◆ Goal of the exercise:
The lines of the records that include "show" should all be copied.

※

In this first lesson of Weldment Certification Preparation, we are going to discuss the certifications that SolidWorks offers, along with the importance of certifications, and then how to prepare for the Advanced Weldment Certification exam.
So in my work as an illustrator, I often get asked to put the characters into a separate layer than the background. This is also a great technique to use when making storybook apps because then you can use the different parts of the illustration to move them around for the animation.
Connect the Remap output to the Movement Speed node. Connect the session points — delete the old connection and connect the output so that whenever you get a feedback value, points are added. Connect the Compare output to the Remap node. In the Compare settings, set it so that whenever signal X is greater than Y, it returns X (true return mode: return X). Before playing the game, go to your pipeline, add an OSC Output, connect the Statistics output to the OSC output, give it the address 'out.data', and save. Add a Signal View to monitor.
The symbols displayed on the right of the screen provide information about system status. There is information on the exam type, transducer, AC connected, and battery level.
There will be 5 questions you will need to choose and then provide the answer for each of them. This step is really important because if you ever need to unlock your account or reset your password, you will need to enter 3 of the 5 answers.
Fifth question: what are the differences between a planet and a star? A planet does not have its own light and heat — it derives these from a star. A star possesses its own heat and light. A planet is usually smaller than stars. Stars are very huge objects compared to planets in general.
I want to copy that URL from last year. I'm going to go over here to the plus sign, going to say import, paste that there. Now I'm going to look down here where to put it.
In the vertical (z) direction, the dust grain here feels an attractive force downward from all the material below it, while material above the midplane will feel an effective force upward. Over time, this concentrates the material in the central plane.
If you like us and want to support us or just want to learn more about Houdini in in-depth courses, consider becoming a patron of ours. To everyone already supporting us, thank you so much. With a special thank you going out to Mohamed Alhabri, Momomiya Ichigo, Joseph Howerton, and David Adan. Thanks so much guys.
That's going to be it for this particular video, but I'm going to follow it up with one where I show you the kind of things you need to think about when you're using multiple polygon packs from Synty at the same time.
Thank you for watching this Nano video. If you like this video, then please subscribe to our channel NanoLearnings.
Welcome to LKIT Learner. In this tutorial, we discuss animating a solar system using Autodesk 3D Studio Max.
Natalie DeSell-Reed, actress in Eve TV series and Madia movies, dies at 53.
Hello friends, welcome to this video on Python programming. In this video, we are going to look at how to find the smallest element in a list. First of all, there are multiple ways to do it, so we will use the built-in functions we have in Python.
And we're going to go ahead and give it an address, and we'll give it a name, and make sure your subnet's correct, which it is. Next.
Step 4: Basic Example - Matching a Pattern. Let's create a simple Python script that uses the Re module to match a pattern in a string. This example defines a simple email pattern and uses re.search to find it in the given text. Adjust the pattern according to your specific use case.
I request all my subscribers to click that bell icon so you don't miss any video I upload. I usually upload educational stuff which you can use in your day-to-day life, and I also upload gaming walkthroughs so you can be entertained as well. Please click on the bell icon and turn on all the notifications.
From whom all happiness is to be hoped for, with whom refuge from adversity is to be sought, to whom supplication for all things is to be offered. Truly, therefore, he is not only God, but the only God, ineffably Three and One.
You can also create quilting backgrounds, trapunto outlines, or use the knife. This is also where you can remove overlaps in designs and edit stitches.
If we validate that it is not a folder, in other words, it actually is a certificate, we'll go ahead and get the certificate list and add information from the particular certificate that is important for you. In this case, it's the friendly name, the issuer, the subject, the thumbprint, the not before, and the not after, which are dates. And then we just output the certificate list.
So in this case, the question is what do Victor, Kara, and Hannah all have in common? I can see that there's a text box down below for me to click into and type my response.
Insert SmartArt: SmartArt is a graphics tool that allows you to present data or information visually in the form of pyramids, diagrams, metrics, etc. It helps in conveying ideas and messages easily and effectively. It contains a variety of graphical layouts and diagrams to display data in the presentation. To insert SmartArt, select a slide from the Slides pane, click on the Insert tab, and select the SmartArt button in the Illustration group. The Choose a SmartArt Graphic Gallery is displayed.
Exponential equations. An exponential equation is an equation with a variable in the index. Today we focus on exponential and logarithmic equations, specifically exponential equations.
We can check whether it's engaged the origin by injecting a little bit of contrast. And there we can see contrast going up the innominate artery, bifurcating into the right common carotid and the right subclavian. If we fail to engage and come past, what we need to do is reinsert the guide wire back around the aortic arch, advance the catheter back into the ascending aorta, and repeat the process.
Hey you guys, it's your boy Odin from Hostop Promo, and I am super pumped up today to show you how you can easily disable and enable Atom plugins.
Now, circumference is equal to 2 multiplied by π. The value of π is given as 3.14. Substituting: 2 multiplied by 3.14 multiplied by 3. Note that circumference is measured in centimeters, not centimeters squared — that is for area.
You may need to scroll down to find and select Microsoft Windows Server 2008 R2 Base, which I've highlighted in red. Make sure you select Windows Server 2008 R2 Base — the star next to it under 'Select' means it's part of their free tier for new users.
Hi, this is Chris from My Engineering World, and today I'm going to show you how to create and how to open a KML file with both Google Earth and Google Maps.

※

◆ Solution to this exercise:
That's going to be it for this particular video, but I'm going to follow it up with one where I show you the kind of things you need to think about when you're using multiple polygon packs from Synty at the same time.
Hey you guys, it's your boy Odin from Hostop Promo, and I am super pumped up today to show you how you can easily disable and enable Atom plugins.
Hi, this is Chris from My Engineering World, and today I'm going to show you how to create and how to open a KML file with both Google Earth and Google Maps.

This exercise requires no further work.